(Records supplied begins)

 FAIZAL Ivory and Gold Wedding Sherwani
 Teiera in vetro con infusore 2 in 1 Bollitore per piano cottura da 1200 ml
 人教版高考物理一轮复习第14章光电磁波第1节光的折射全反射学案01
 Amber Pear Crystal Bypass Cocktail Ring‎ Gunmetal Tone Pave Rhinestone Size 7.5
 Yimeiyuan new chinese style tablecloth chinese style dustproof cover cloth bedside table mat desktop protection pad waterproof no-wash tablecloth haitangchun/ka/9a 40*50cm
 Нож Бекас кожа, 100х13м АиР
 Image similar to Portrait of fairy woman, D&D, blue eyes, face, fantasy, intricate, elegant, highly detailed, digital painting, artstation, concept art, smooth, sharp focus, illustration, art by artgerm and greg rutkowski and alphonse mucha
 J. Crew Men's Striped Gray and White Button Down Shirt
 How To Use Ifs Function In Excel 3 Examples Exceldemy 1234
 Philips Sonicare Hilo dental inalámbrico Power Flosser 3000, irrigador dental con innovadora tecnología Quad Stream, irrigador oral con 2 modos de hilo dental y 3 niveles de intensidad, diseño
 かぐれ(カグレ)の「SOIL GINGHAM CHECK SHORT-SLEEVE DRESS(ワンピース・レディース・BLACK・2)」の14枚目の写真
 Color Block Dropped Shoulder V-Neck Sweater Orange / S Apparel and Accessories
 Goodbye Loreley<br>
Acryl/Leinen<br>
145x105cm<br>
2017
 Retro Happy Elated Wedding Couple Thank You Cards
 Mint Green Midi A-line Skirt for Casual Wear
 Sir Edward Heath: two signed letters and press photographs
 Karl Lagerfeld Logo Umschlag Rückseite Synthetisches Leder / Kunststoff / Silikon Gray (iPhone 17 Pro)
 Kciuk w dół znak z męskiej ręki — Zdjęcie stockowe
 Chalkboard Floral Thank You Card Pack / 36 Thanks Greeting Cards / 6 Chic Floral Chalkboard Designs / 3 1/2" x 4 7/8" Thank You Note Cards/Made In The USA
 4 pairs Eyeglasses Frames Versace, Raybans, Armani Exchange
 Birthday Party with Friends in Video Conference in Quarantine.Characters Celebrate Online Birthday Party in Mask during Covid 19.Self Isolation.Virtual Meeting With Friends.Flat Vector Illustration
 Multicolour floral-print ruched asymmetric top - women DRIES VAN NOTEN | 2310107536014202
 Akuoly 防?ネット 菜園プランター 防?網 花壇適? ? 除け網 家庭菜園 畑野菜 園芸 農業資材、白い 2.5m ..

(Records supplied ends)

For each line above that includes "Thank", copy the line.

 Retro Happy Elated Wedding Couple Thank You Cards
 Chalkboard Floral Thank You Card Pack / 36 Thanks Greeting Cards / 6 Chic Floral Chalkboard Designs / 3 1/2" x 4 7/8" Thank You Note Cards/Made In The USA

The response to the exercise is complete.